The Treasury’s sale of $13 billion in 30-year bonds attracted higher-than-average demand Thursday as international investors sought higher returning securities with European sovereign-debt yields close to historic lows.
The bid-to-cover ratio, which gauges demand by the amount bid with the amount offered, was 2.67, compared with an average 2.4 at the past 10 sales. The difference in 10-year yields versus Group of Seven debt is the highest since 2007. Prices of Treasurys were little changed Thursday after rallying earlier on concern political tensions in the Middle East as intensifying.
“The auction went well,” said Larry Milstein, managing director in New York of government-debt trading at R.W. Pressprich & Co. “Europe is still weak and their low bond yields are pulling on the U.S. and continue to contain yields here, which is providing support. There may be another run in Treasurys, but you don’t want to jump in front of the Fed until you hear what they have to say.”
The 10-year yield was little changed at 2.55 percent as of 5 p.m. New York time, after reaching the highest level since Aug. 1, according to Bloomberg Bond Trader prices. It rose 15 basis points in the previous five sessions.
The current 30-year yield was little changed at 3.28 percent.
The U.S. benchmark 10-year note yielded 86 basis points more than its Group of Seven counterparts, after reaching 87 on Sept. 5, the widest since June 2007.
Auction Results
Indirect bidders, a class of investors that includes foreign central banks, purchased 42.5 percent of the $61 billion of 3-, 10- and 30-year securities sold this week, according to Treasury Department data compiled by Bloomberg. Investors bid $2.91 for every $1 of debt offered, the most since June.
The 30-year debt sold Thursday yielded 3.24 percent, compared with a forecast of 3.267 percent in a Bloomberg News survey of five of the Federal Reserve’s 22 primary dealers.

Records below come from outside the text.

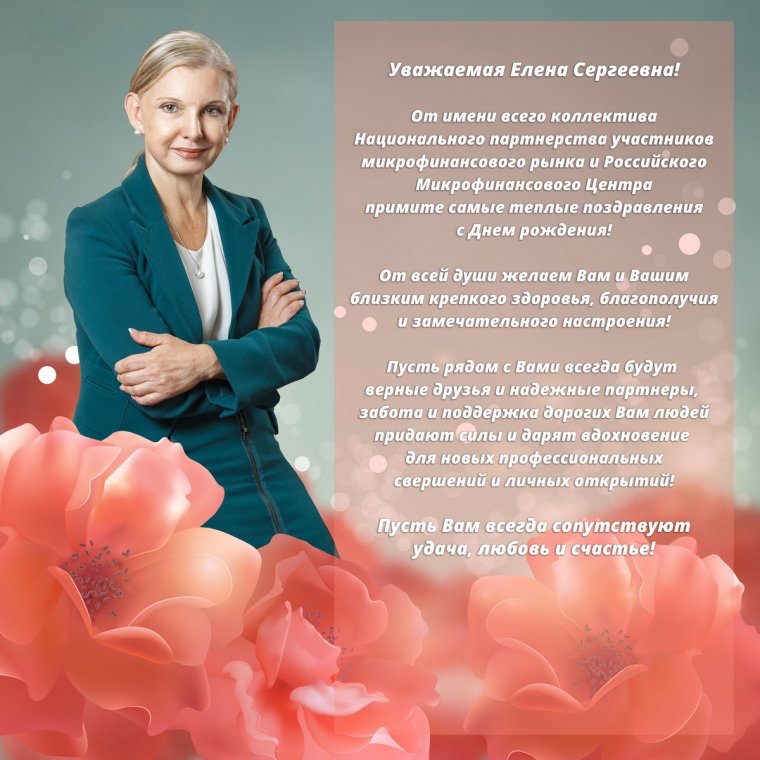 Поздравление для женщины-управленца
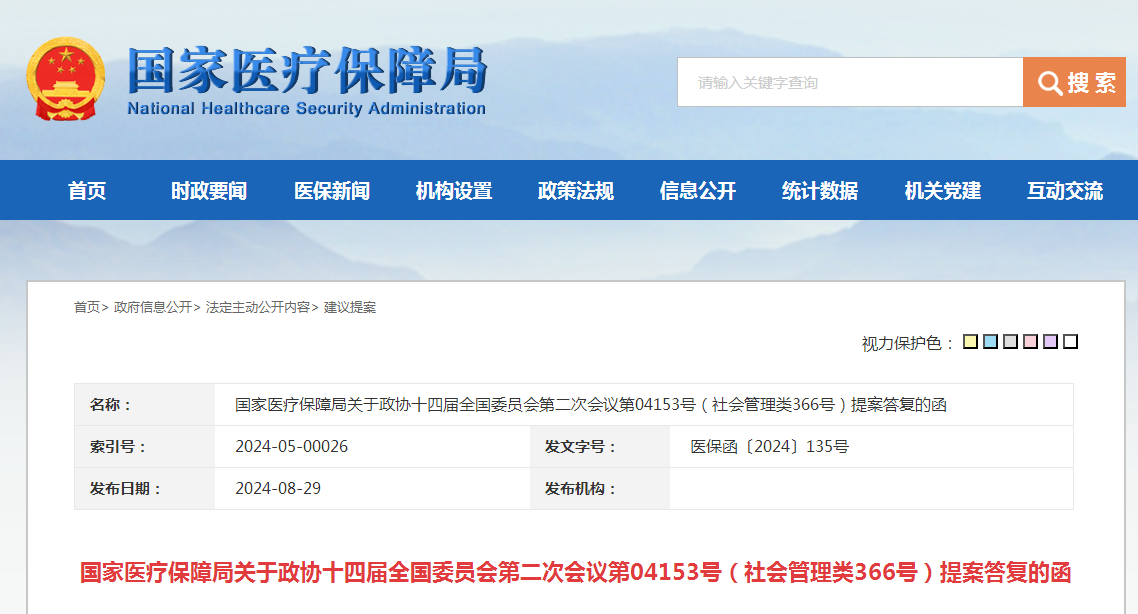 国家医疗保障局关于政协十四届全国委员会第二次会议第04153号（社会管理类366号）提案答复的函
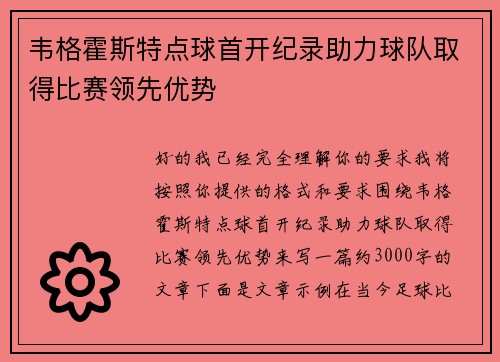 韦格霍斯特点球首开纪录助力球队取得比赛领先优势
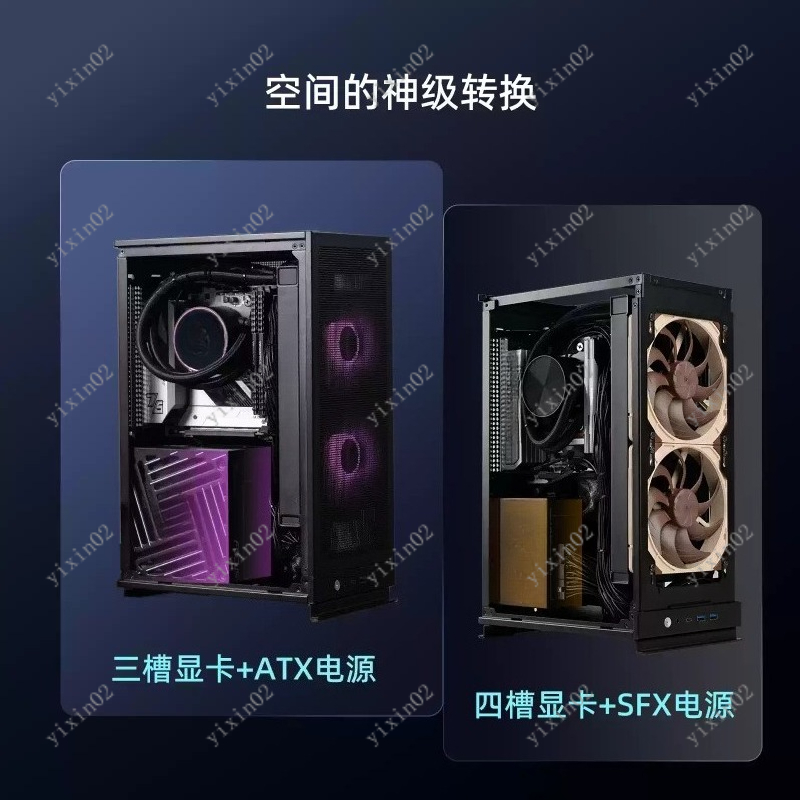 Mini Itx Case Water Cooling Support - A4 Vertical ITX Desktop Computer Case,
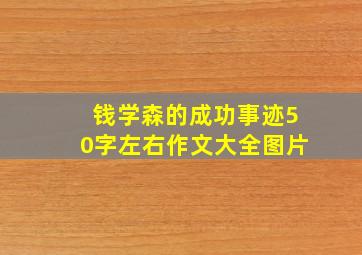 钱学森的成功事迹50字左右作文大全图片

“We’ve had a good concession of the last week or so, which benefited the auction,” said Jason Rogan, managing director of U.S. government trading at Guggenheim Securities, a New York- based brokerage for institutional investors. “Higher yields brought demand back in. The back end of the curve still presents opportunity.”
The auction was rated a four on a scale of one to five, with five being outstanding, by five primary dealers.
Bond Returns
Thirty-year bonds have returned 16 percent this year, compared with a 3.4 percent gain by the broader U.S. Treasurys market, according to Bank of America Merrill Lynch indexes. The long bond lost 15 percent in 2013, versus a 3.4 percent decline by Treasurys overall.
Treasurys rose earlier as concern that political tension in the Middle East will intensify stoked demand for the safest assets.
President Barack Obama said in an address from the White House late Wednesday the U.S. would lead a broad coalition against Islamic State extremists for a “steady, relentless effort” using American air power in support of local forces on the ground.
“Bonds had sold off over the last few days, and Obama’s speech sparked a bit of a safe-haven bid,” said Adrian Miller, director of fixed-income strategies at GMP Securities LLC in New York. “Still, the market is focused on all things Fed, and what message they will deliver next week.”
Gross’s View
Pacific Investment Management Co.’s Bill Gross said Treasury 10-year notes are “fairly valued” at 2.5 percent.
The benchmark U.S. security offers “a decent return and not subject, importantly, to a bear market,” Gross said on Bloomberg Television. “That’s based upon our new outlook called ‘new neutral,’ which suggests that the Fed will not raise interest rates to a level that they have historically.”
Gross, manager of the world’s biggest bond fund, has forecast that the long-term policy rate, known as the terminal or neutral rate, will be around 2 percent, or about half of what central bank officials’ forecast.
The Fed has kept its benchmark rate target in a range of zero to 0.25 percent since December 2008 to spur lending and economic growth after the worst recession since the Great Depression.
There’s an 84 percent chance the Fed will raise its benchmark to at least 0.5 percent by October 2015, data based on federal fund futures showed Wednesday.
“The Fed hiking cycle will affect mostly the front-end of the curve,” said Aaron Kohli, an interest-rate strategist BNP Paribas SA in New York, a primary dealer. “For those looking to avoid some of that turbulence, the long end provides a fairly significant safe haven.”